Short descriptive text snippets
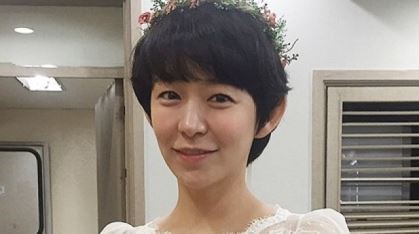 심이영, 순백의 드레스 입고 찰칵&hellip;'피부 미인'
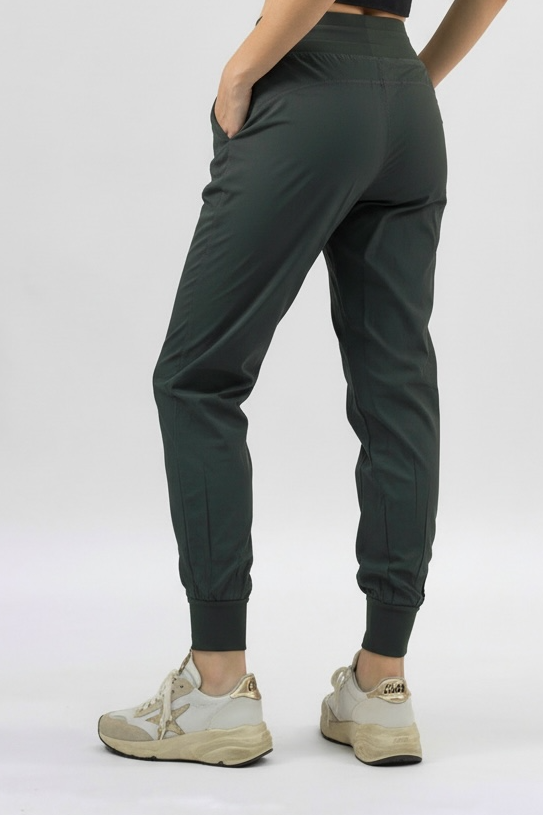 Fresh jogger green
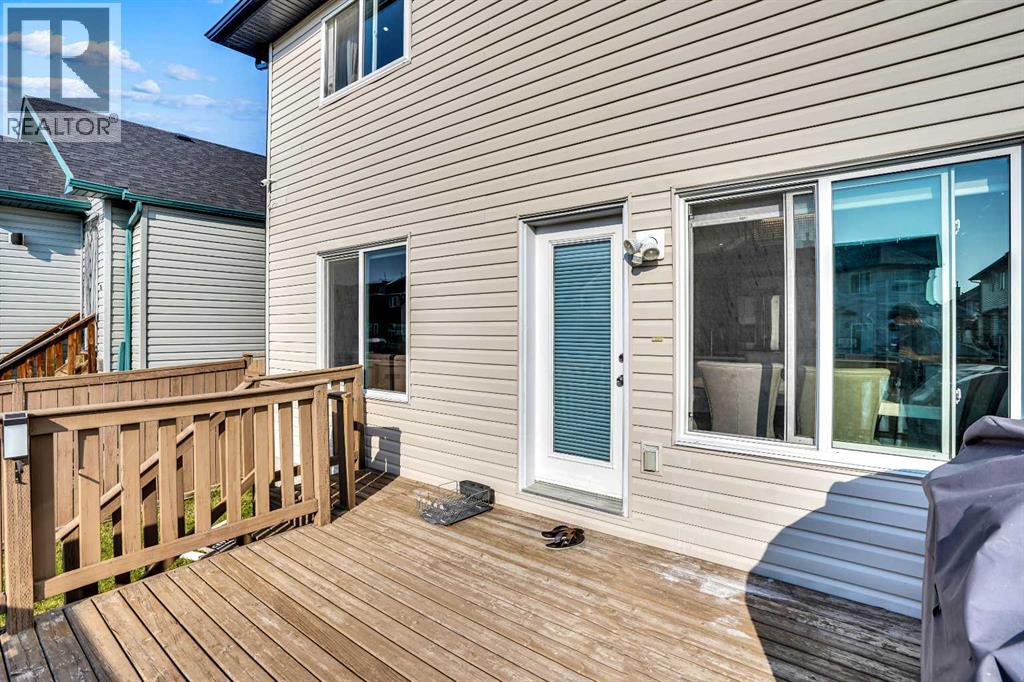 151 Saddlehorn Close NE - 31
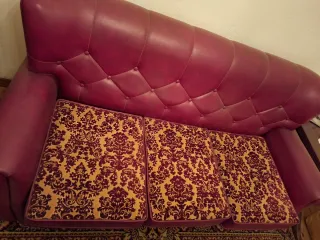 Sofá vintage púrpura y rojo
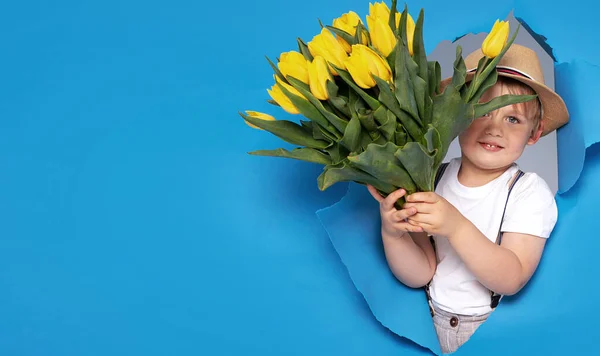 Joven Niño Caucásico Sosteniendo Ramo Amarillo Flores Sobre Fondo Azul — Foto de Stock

**Required action:**
The lines from the one that contains "151 Saddlehorn Close NE - 31" through the end of the data, repeated exactly and with no pictures, make up the whole answer.

**Task answer:**
 151 Saddlehorn Close NE - 31
 Sofá vintage púrpura y rojo
 Joven Niño Caucásico Sosteniendo Ramo Amarillo Flores Sobre Fondo Azul — Foto de Stock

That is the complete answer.